Según los expertos, el primer paso para ser paciente es reconocer que no podemos controlarlo todo, que hay muchas cosas sobre las que no podemos influir. Un segundo paso es evitar enfocar nuestra atención en aquello que nos preocupa y nos impacienta. La vida transcurre de todos modos. Si estamos todo el tiempo pensando en lo que nos desespera, solo conseguiremos empeorar nuestro estado de ánimo y los pensamientos negativos vendrán en tropel a hacerse un hueco en nuestra perturbada mente. Dediquémosle, pues, solo un rato. El suficiente como para saber que el problema está ahí, pero entendiendo que no es lo único que está. Hay muchas otras cosas de las que ocuparnos sin preocuparnos. El tercer paso es no darnos por vencidos. Debemos perseverar. El impaciente tiende a tirar la toalla demasiado pronto. Así el comensal abandonaría el restaurante y se perdería una comida deliciosa y el de la cola no conseguiría hacer la gestión o dejaría la compra dentro del carrito y habría perdido un tiempo valioso que había invertido en ello. No te preocupes, no continuaré con los ejemplos.
Como reflexión final, retomemos la frase del teólogo danés y recreémonos en El helecho y el bambú, un precioso cuento oriental sobre la perseverancia y la paciencia.
El cuento nos narra la historia de Kishiro, un carpintero deprimido por sus problemas económicos que busca las respuestas a sus males en un sabio anciano que vive en una humilde cabaña en el bosque. El sabio le cuenta la historia del helecho y el bambú. Una planta y un árbol que el anciano plantó al mismo tiempo. Mientras el helecho crecía año tras año y se mantenía verde y frondoso, el bambú no aparecía por encima de la tierra. Pero el sabio perseveró y no perdió la esperanza de verlo brotar. Al quinto año el bambú apareció y comenzó a crecer y crecer, de manera que al sexto año ya era un árbol de veinte metros. Durante todo ese tiempo había estado echando las raíces necesarias para mantenerse en pie. El cuento acaba con las palabras del sabio aconsejando al carpintero:
—Nunca te arrepientas de un día en tu vida. Los buenos días te dan felicidad, los malos días te dan experiencia. La felicidad te mantiene dulce, los intentos fallidos te fortalecen, las desgracias te hacen más humano, las caídas te mantienen humilde y el éxito te ofrecerá brillo. Recuerda, Kishiro, si no consigues lo que anhelas, no desesperes. Quizás solo estés echando raíces.

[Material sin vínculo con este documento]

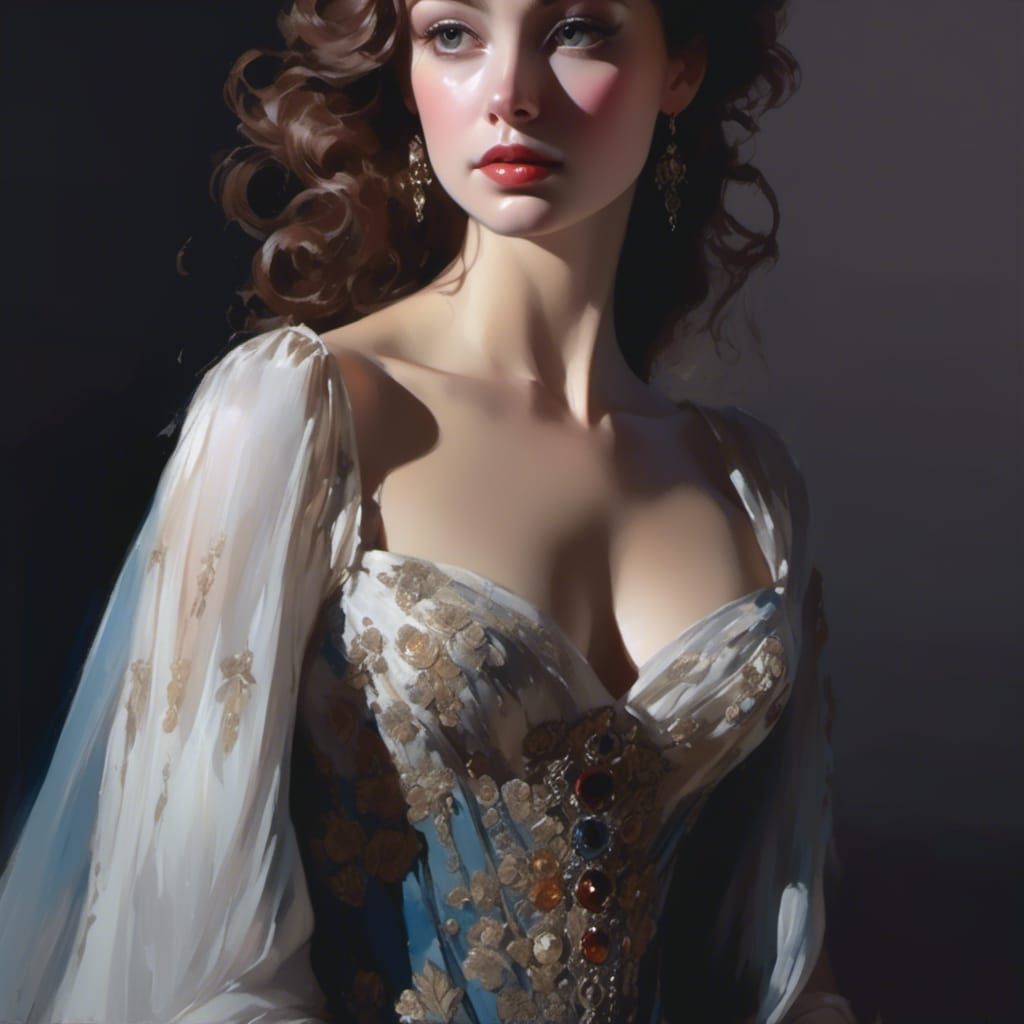 Hyperrealistic Princess Belle Portrait in Dramatic Lighting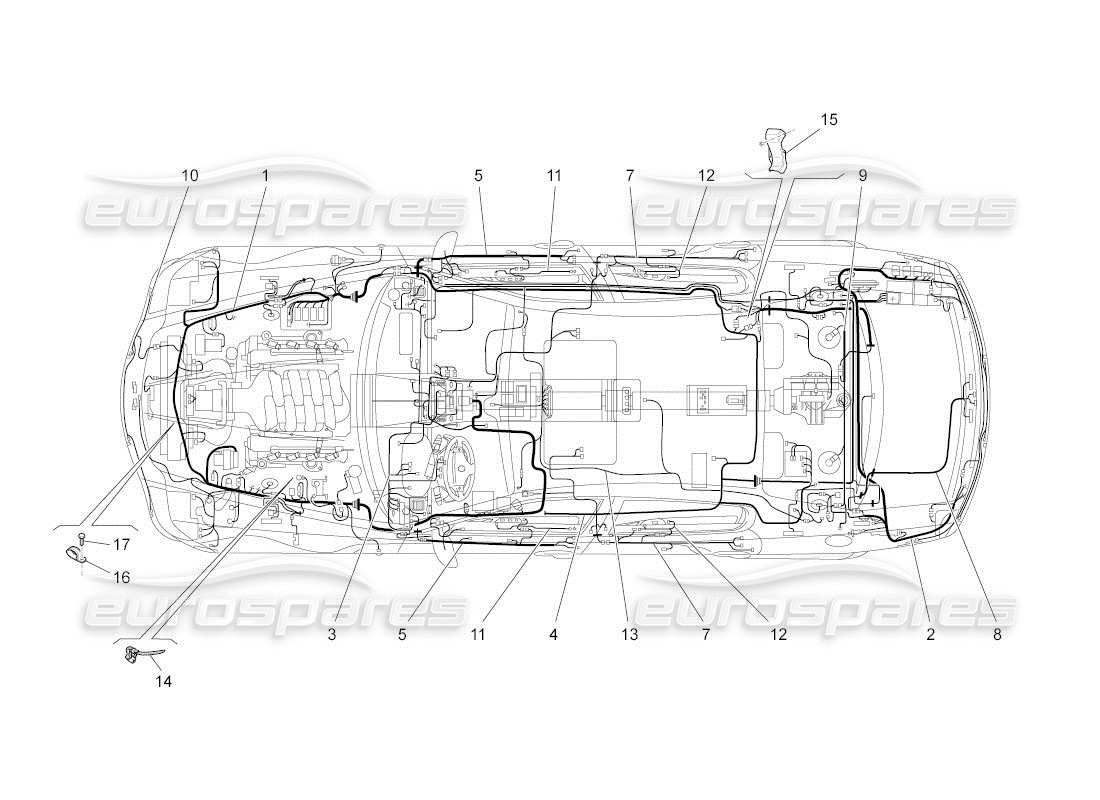 maserati qtp. (2011) 4.2 auto main wiring parts diagram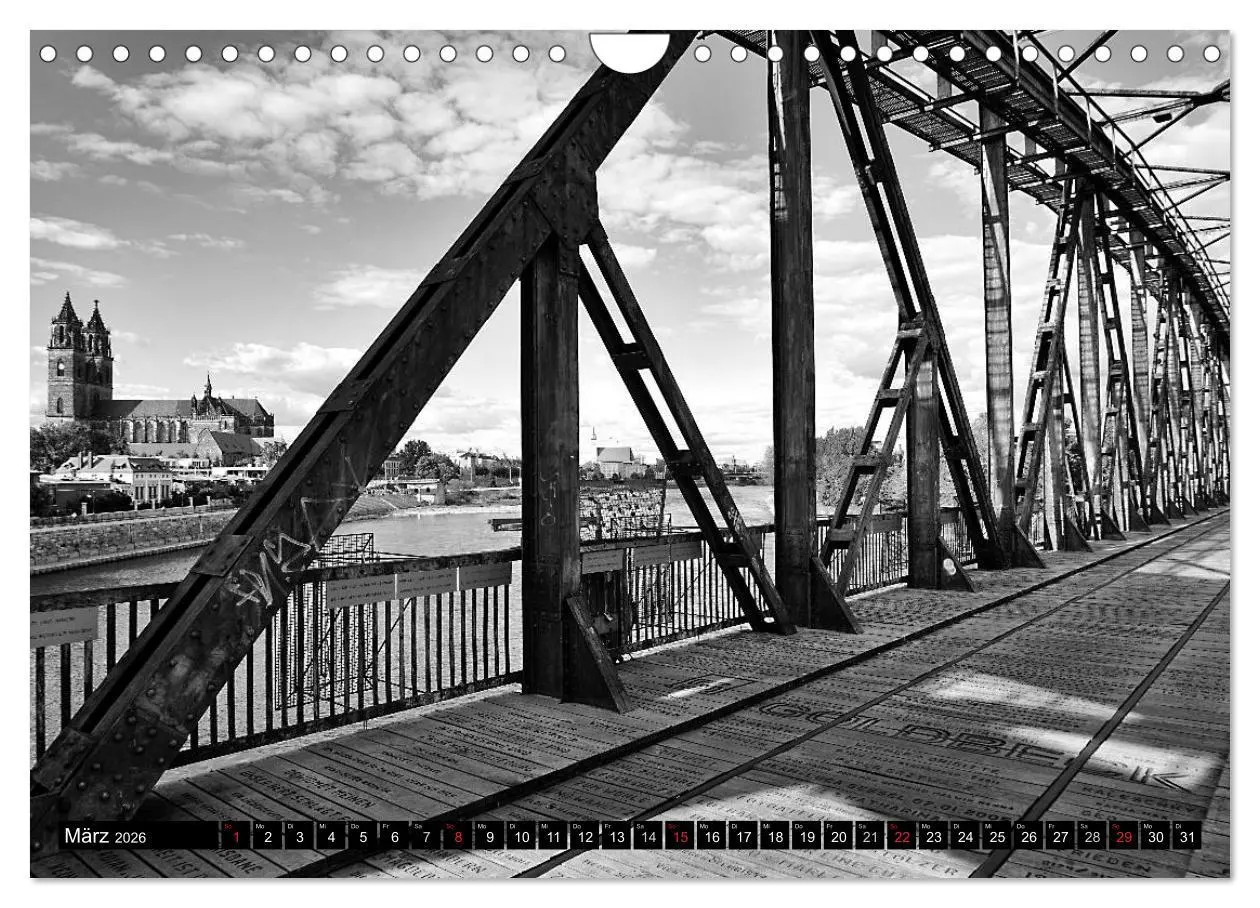 Bild: 9783516032376 | Magdeburg in Schwarz - Weiß (Wandkalender 2026 DIN A4 quer),...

Espero que hayas tenido la paciencia suficiente para leer este artículo hasta el final. Ya ves que la enseñanza estaba justo aquí. Habrá sido para bien si tus raíces se han visto fortalecidas con ella. Yo, por mi parte, seguiré perseverando y esperaré pacientemente a que esta columna siga ganando adeptos con el tiempo. Si no es así, habrá servido igualmente para hacerme disfrutar escribiéndola.
Para acabar, me gustaría citar una frase del Eclesiastés que es recurrente en Verdades Cruzadas, la novela con la que me inicié en el fantástico mundo de la narrativa, y que resume el contenido de este artículo: Hay un tiempo para todo lo que se hace bajo el cielo.
Un placer leerte, Germán. En la modernidad hemos convertido al paciente en enfermo, y queremos curarlo con prisas.